“One day as he came from prayer his servants brought him a vagabond gipsy lad who had been selling songs in the village or offering them in exchange for food. This outcast was very little past his boyhood; his garments were worn, and faded with sun and rain, his feet were bare, and in his cap was fastened a bough stolen from a blossoming fruit tree.

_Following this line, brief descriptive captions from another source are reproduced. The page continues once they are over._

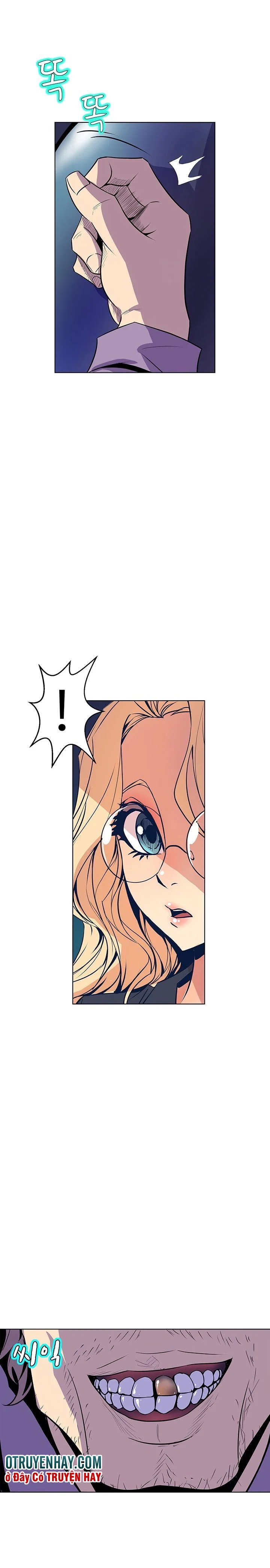 sahwa và nhiệm vụ bí mật của cô ấy chapter 55 3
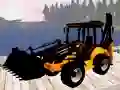 Peli Farming Missions 2023 verkossa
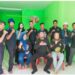 KBLB Dukung Ratu Ageng Rekawati Maju di Pilgub Banten 2024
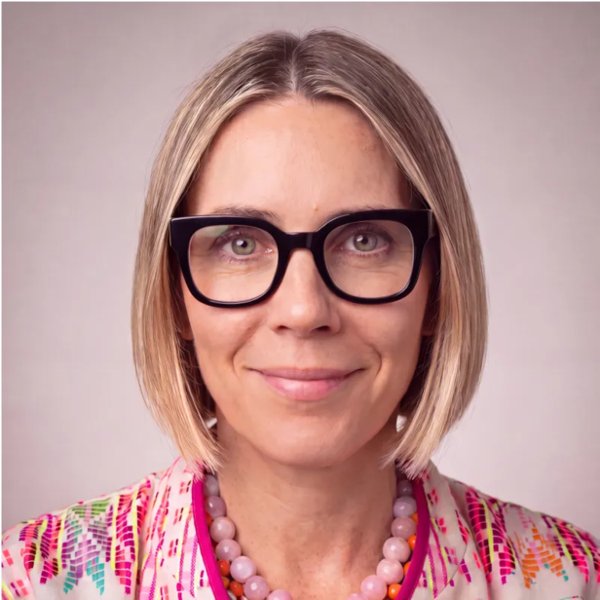 Julia Kallmeyer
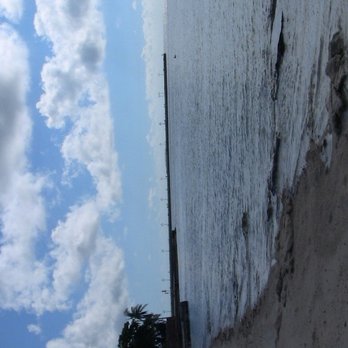 Higgs Beach - beach - Beaches Near Me - Key West, Florida Higgs Beach - beach - Beaches Near Me - Key West, Florida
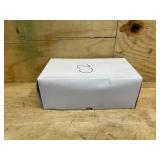 Pit Viper The Original Sunglasses Total MSRP of $520 (lot of 4)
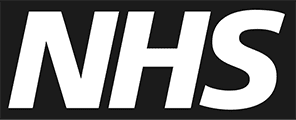 NHS_logo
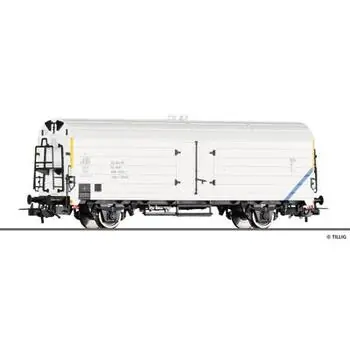 Kühlwagen PKP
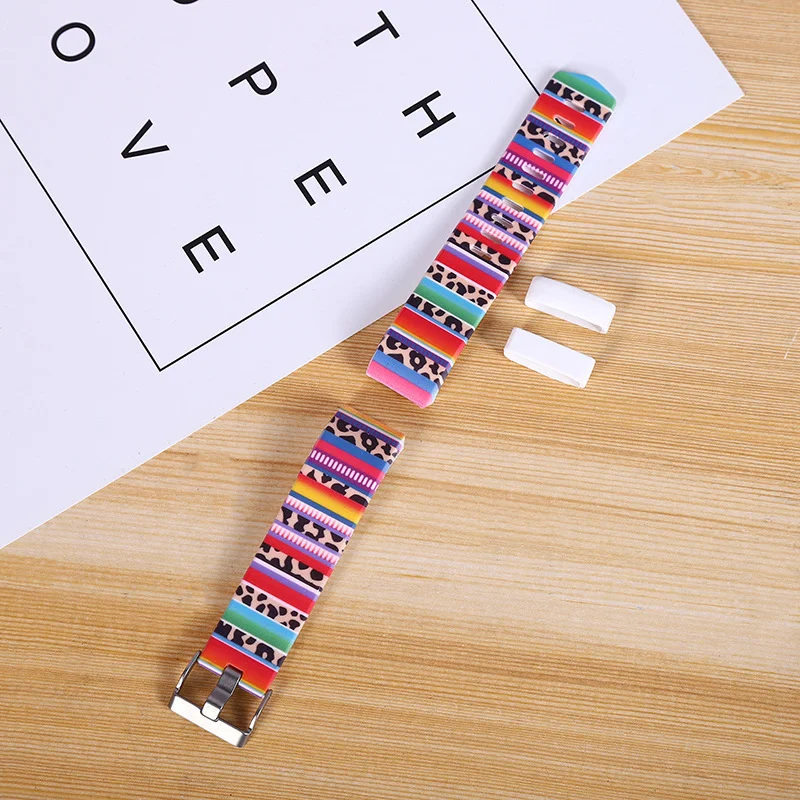 Title 3, Smart Watch Wristband Manufacturers Stay connec...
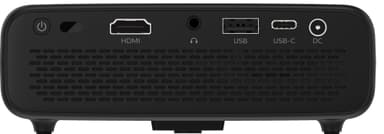 Philips PicoPix Max One mobiiliprojektori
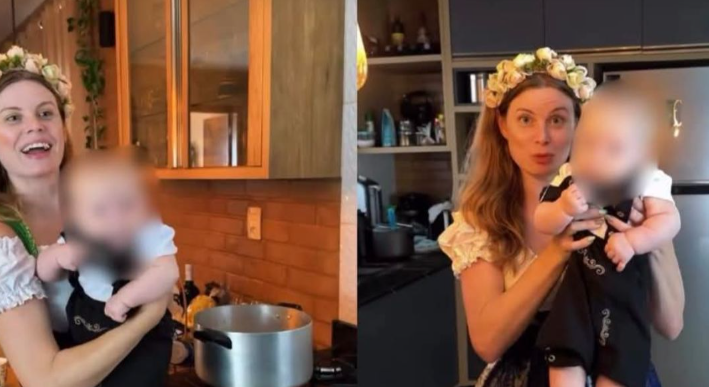 {05E879E0-62AD-4A1A-BF74-C841D9408C43}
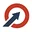 LinkTrackr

“At that time the once persecuted had become the persecutors; coarse, bitter, and profane songs were written, and sold to be sung in taverns and at country fairs, which mocked at things which were by many people justly held sacred. Among this stroller’s songs were two which spoke profanely of Her whom the king of the little moorland village reverenced. When therefore he read them he became very angry; he bade that the songs—one and all—should be destroyed; he told his servants that the gipsy should be whipped, set in the stocks, and finally pelted from the place after being ducked in the pond which was on the village green. Then the lad begged for mercy; he pleaded that he could not read, that he knew no difference between faith and faith, but only the crafts of the wood and the lore of his people. He bought and sold in ignorance, partly because he must eat, but chiefly because he wished to buy a string of red beads for his sweetheart, which he had promised her, because she desired to hang them round her throat.

“But the devout man, being wounded by the insults to his faith, for the verses were both coarse and flippant, would not listen. The lad was punished; his songs were destroyed; and at the time of sunset he fled, followed by the hoots of the villagers, bruised, bleeding, breathless, and half drowned.

“Now a year later his judge was riding, at nightfall, through a strange district of the south, whither he had come on business. He met a sober man in the dress of a preacher, and rode with him because the hour was late and the roads dangerous because of highwaymen. After a while they began to talk of grave matters touching their faith, and the salvation of their souls. Thus it happened that very soon they quarrelled, and well nigh came to reviling each other, in speech as well as in thought, the one for a blasphemous idolater, the other for a vile heretical outcast from the faith. At last they found that, in the heat of argument, they had missed the way, and were on a swampy bridle path in the depths of a misty oak wood.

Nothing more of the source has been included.